Comme à la maternité, on ne peut pas faire semblant de ne rien voir. Ça fait partie des sujets qui fâchent, mais qui ne peuvent être remises à demain. C’est-à-dire que les Burkinabè doivent affronter le problème. Qu’on soit bon ou qu’on soit mauvais, un bon époux ou un faux frère, un esprit pur ou une âme damnée, tous ensemble, nous devons affronter la question de la réconciliation nationale. Parce que nous ne pouvons pas faire autrement que de vivre ensemble. Parce que c’est la condition pour construire un lendemain à nos enfants. Surtout dans notre cas où le quotidien se résume à gérer des maigreurs.

Les yeux dans les yeux

Un proverbe enseigne que « Celui qui ne connaît pas la natte, c’est qu’il ne connaît pas la paille ». Inutile donc de lui expliquer qu’une natte, c’est de la paille tressée. Ainsi donc, pour ne pas louper l’affaire, il y a des préalables. En premier lieu, répondre à cette question : pourquoi veut-on, pourquoi parle-t-on de réconciliation nationale ? Autrement dit, qu’est-ce qui s’est passé ? Qui a fait quoi, et à qui ? Qui porte une vilenie sur la conscience, et qui entretient et rumine du ressentiment dans son cœur ?

Pour le commun des mortels, le crime le plus grave, c’est ôter la vie d’autrui. C’est ce qui frappe l’imagination. Et c’est pourquoi, nous allons commencer par-là. Il nous souvient que lors de la brûlante affaire Norbert Zongo, la commission d’enquête indépendante a rédigé un rapport. Et que pour sortir de cette crise, le Collège des Sages a rédigé un rapport. Et pour un suivi après la Journée Nationale du Pardon, la Commission de Réconciliation Nationale a rédigé un rapport. Puis, il y a eu d’autres affaires de crimes de sang.
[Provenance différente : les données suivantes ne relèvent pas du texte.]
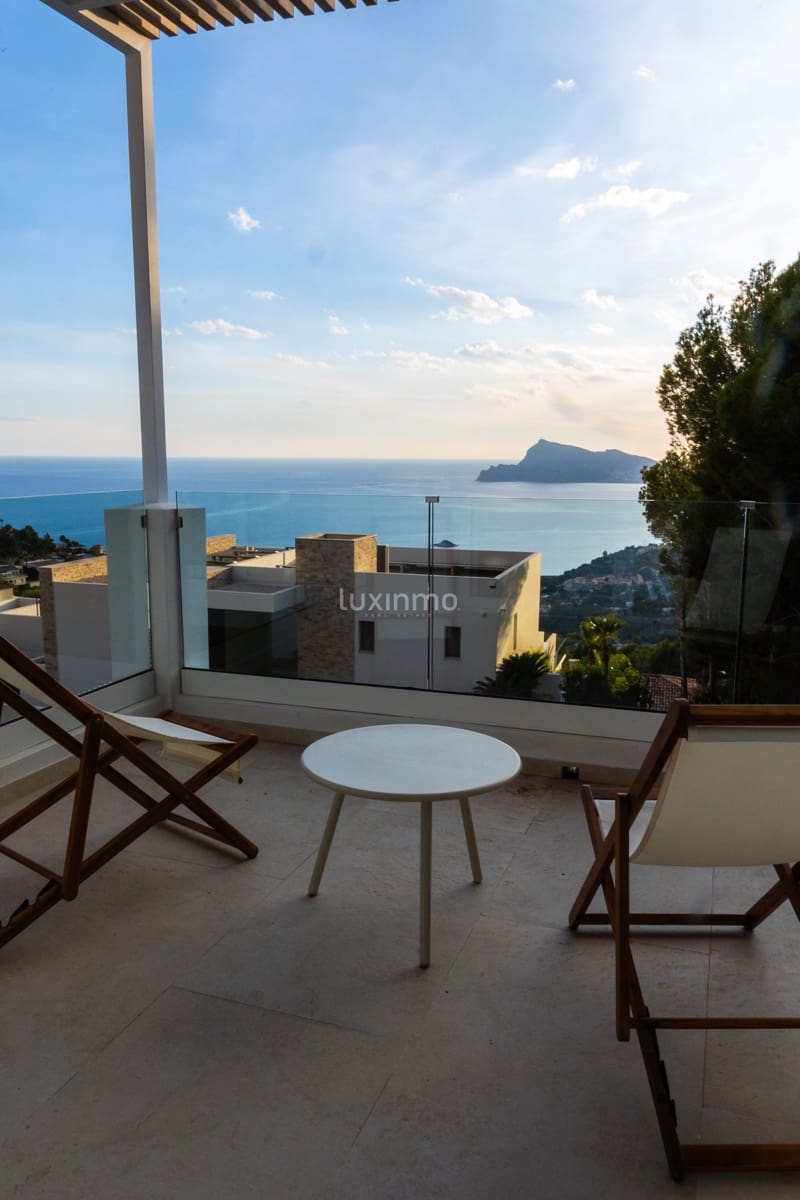 3 makuuhuone Huvila myytävänä paikassa Altea mukana uima-altaan 
autotalli - 1 500 000 € (Ref: 9126409)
Bref, tous ces dossiers que l’on dit « pendants », notamment l’affaire du juge Nébié. Puis encore, des tueries en octobre 2014. Puis encore, des tueries en septembre 2015. On ne peut pas faire comme s’il n’y avait rien eu. Impossible ! L’esprit voit bien qu’il faut une réparation pour une faute aussi lourde et aussi profonde. Réparation envers la société à qui on a enlevé un fils. Réparation envers la famille pour traumatismes multiples.

Lors d’une mission de reportage au Cameroun, un chef de village m’expliquait que « Quand nous pouvons, nous cherchons la solution au village. Et quand ça nous dépasse, ou quand les deux parties rejettent notre jugement, on envoie à la justice du blanc. Parce que, notre jugement cherche à punir le fautif et à réparer le tort subi par l’autre partie. Mais, nous le faisons de telle sorte que les deux protagonistes puissent toujours vivre ensemble, pleurer ensemble et rire ensemble. Mais si vous allez voir la justice du blanc, elle va juger en regardant dans ses livres. Mais après ce jugement, les deux parties deviennent des ennemis mortels ». Voilà résumé le problème. Voilà le terrible énoncé de notre problème.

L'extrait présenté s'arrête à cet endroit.